Using the listing below, set down exactly the lines from the one that contains "Milestones bioinformatics - 1" through the one that contains "Беспроводное зарядное устройство", with no pictures.

- Provided information:

+++++

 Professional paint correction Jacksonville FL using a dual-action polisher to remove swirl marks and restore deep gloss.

+++++

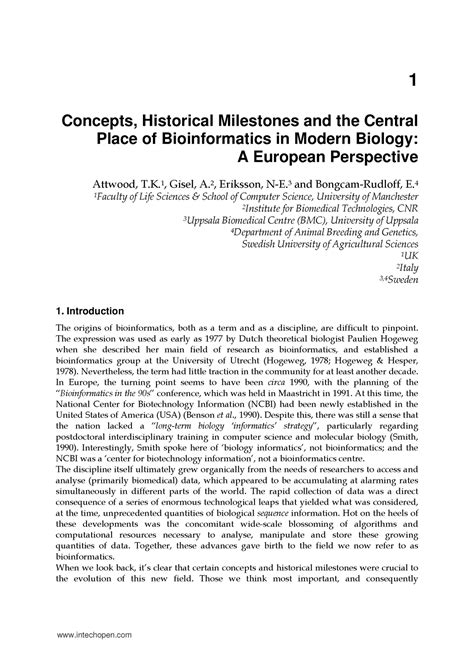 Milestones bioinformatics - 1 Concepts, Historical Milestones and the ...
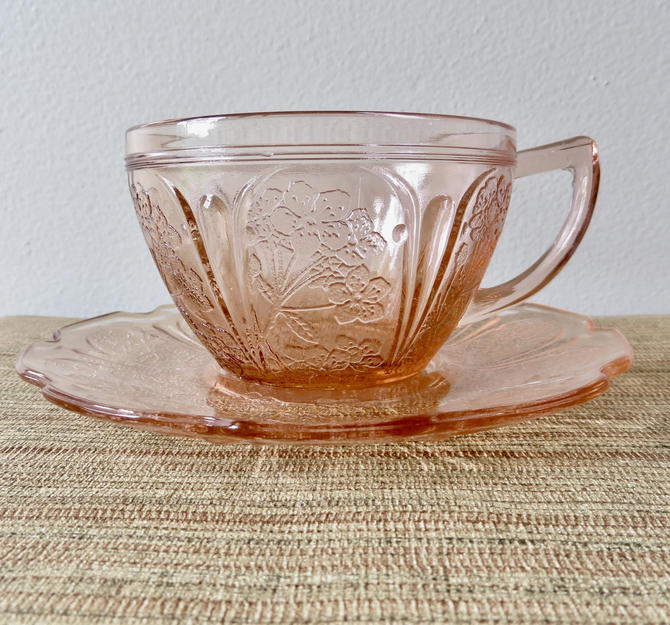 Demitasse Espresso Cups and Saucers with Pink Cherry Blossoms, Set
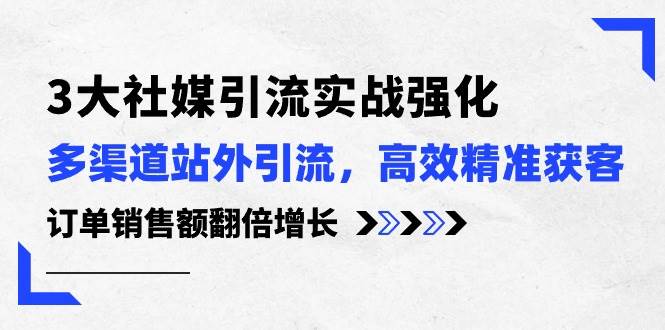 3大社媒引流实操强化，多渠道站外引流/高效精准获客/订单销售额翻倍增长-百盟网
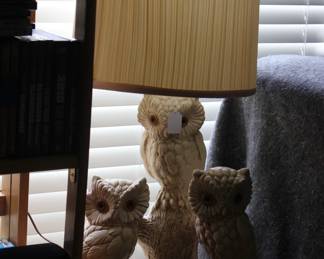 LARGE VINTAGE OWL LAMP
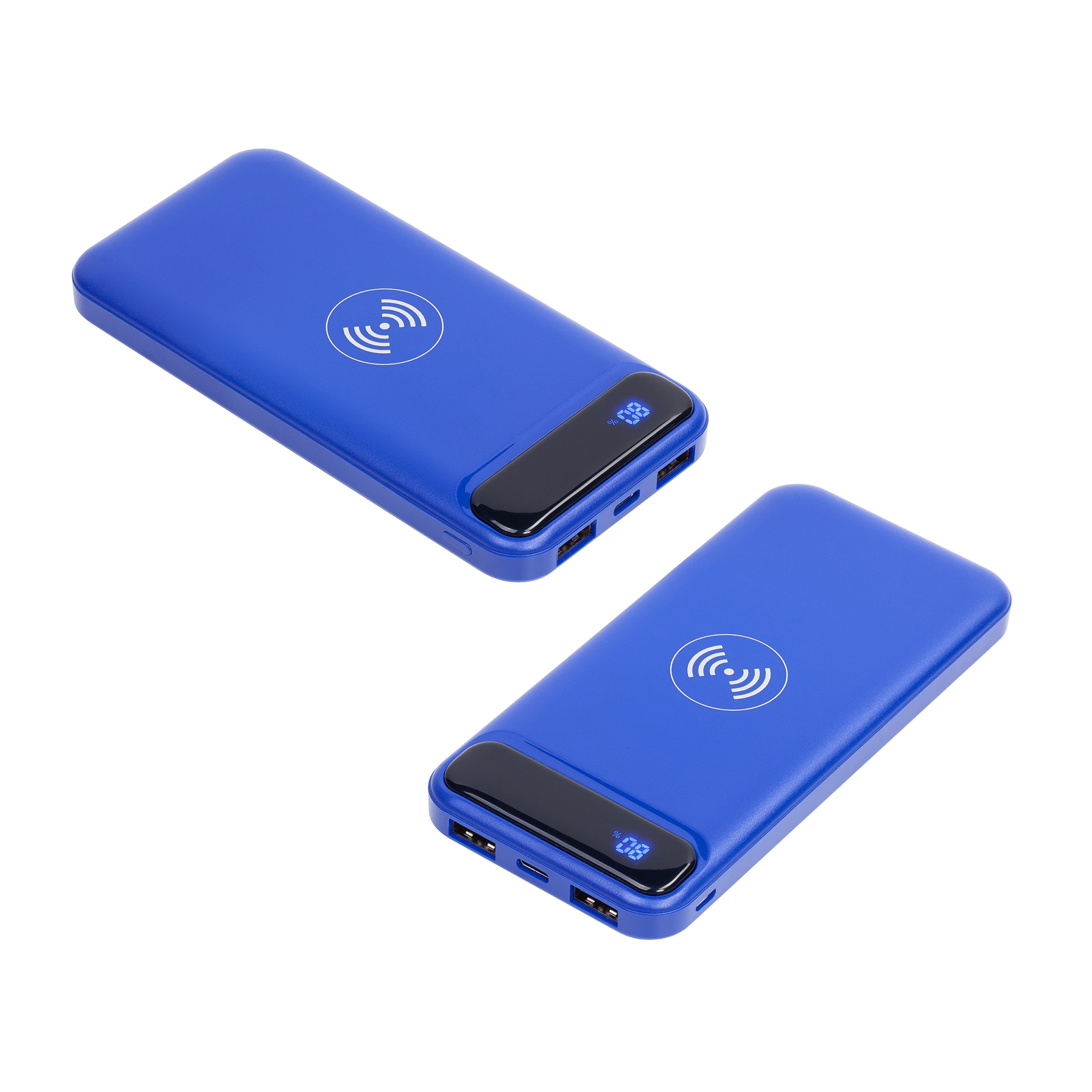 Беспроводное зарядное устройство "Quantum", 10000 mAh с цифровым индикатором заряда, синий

+++++

- Expected output:
 Milestones bioinformatics - 1 Concepts, Historical Milestones and the ...
 Demitasse Espresso Cups and Saucers with Pink Cherry Blossoms, Set
 3大社媒引流实操强化，多渠道站外引流/高效精准获客/订单销售额翻倍增长-百盟网
 LARGE VINTAGE OWL LAMP
 Беспроводное зарядное устройство "Quantum", 10000 mAh с цифровым индикатором заряда, синий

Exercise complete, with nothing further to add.